A modified radial return method was employed to calculate the integral of the plasticity as well as to determine the yield condition during the process with the temperature-dependent elasto-plastic properties at any time t with the time increment Δt. This method employs the trial stress σ calculated assuming an elastic new strain increment Δε

$${{{{\boldsymbol{\sigma }}}}}^{\star }={\mathbb{C}}({T}_{t}):\left[{{{{\boldsymbol{\varepsilon }}}}}_{t}^{{{{\rm{el}}}}}+\Delta {{{{\boldsymbol{\varepsilon }}}}}^{\star }\right],$$
(23)

where the elasticity tensor is obtained under the current temperature field Tt. Once the trial stress state is outside the yield condition in Eq. (17), i.e., the plastic flow exists, the stress is then projected onto the closet point of the expanded yield surface with the normal direction determined as \({{{{\bf{n}}}}}_{{{{\rm{y}}}}}=3{{{{\bf{s}}}}}^{\star }/2{{\sigma }_{{{{\rm{e}}}}}}^{\star }\) with the von Mises \({{\sigma }_{{{{\rm{e}}}}}}^{\star }\) and deviatoric trial stress s60,61. Meanwhile, assuming isotropic linear hardening under Tt of every timestep, the amount of the effective plastic strain increment Δp for returning the stress state back to the yield surface is calculated in an iterative fashion adopting Newton’s method

$${{{\rm{d}}}}\Delta p=\frac{{{\sigma }_{{{{\rm{e}}}}}}^{\star }-3G({T}_{t})\Delta {p}_{t}-\left[{\mathsf{H}}({T}_{t}){p}_{t}+{\sigma }_{{{{\rm{y}}}}}({T}_{t})\right]}{3G({T}_{t})+{\mathsf{H}}({T}_{t})},$$
(24)
$$\Delta {p}_{(t+\Delta t)}=\Delta {p}_{t}+{{{\rm{d}}}}\Delta p,$$
(25)
$${p}_{(t+\Delta t)}={p}_{t}+\Delta {p}_{(t+\Delta t)}$$
(26)

where pt and Δpt are updated as p(tt) and Δp(tt) at the end of the timestep (t + Δt). G(Tt) and \({\mathsf{H}}({T}_{t})\) are shear and isotropic plastic modulus calculated under the local temperature at the current timestep (Tt). Here G(Tt) = E(Tt)/[2 + 2ν(Tt)] with E(Tt) and ν(Tt) correspondingly the temperature-dependent Young’s modulus and Poisson ratio. Knowing that the plastic strain increment Δεpl = Δpny following the normality hypothesis of plasticity60, the updated stress and plastic strain at the end of timestep are thereby obtained by

$$\begin{array}{ll}{{{{\boldsymbol{\sigma }}}}}_{(t+\Delta t)}\,=\,\left\{\begin{array}{ll}{{{{\boldsymbol{\sigma }}}}}^{\star }-2G({T}_{t})\Delta {p}_{(t+\Delta t)}{{{{\bf{n}}}}}_{{{{\rm{y}}}}},\quad \quad &T < {T}_{{{{\rm{A}}}}},\\ {{{\bf{0}}}},\quad \quad &T\ge {T}_{{{{\rm{A}}}}},\end{array}\right.\\ {{{{\boldsymbol{\varepsilon }}}}}_{(t+\Delta t)}^{{{{\rm{pl}}}}}\,=\,\left\{\begin{array}{ll}{{{{\boldsymbol{\varepsilon }}}}}_{t}^{{{{\rm{pl}}}}}+\Delta {p}_{(t+\Delta t)}{{{{\bf{n}}}}}_{{{{\rm{y}}}}},\quad \quad &T < {T}_{{{{\rm{A}}}}},\\ {{{\bf{0}}}},\quad \quad &T\ge {T}_{{{{\rm{A}}}}},\end{array}\right.\end{array}$$
(27)

in which the vanishing of the stress as well as the plastic strain beyond a stress-free temperature TA (in this work TA = TM) is also considered.
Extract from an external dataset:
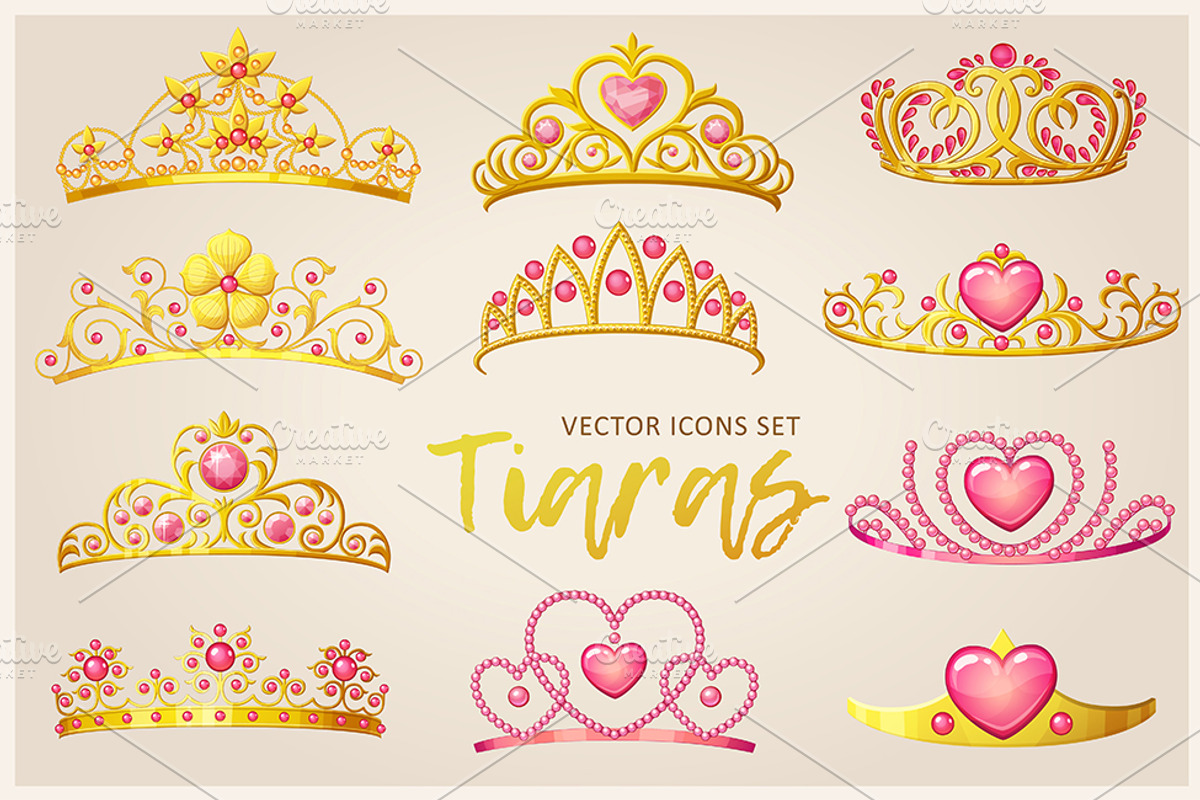 Princess tiaras vector set, an Illustration by Ann-zabella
Eqs. (23)-(27) are sequentially executed on every timestep and update the quantities under Tt. It is worth noting that the linear-interpolated \({\mathsf{H}}\) is implemented for both p- and T-dependence

$${\mathsf{H}}({p}_{t},{T}_{t})=(1-{\tau }_{t}){\mathsf{f}}({\hat{T}}_{i},{p}_{t})+{\tau }_{t}{\mathsf{f}}({\hat{T}}_{i+1},{p}_{t})$$
(28)

with

$${\tau }_{t}=\frac{{T}_{t}-{\hat{T}}_{i}}{{\hat{T}}_{i+1}-{\hat{T}}_{i}},$$

where \({\mathsf{f}}({\hat{T}}_{i},{p}_{t})\) is a piecewise function with the grids \({\hat{T}}_{i}\) (i = 1, 2, . . . ) and Ti is inside the section bound by \({\hat{T}}_{i}\) and \({\hat{T}}_{i+1}\), i.e., \({T}_{t}\in ({\hat{T}}_{i},{\hat{T}}_{i+1}]\). Considering reduction of the non-linearity, the p-independent \({\mathsf{H}}(T)\) was practically employed in the simulations, as formulated in Eq. (24).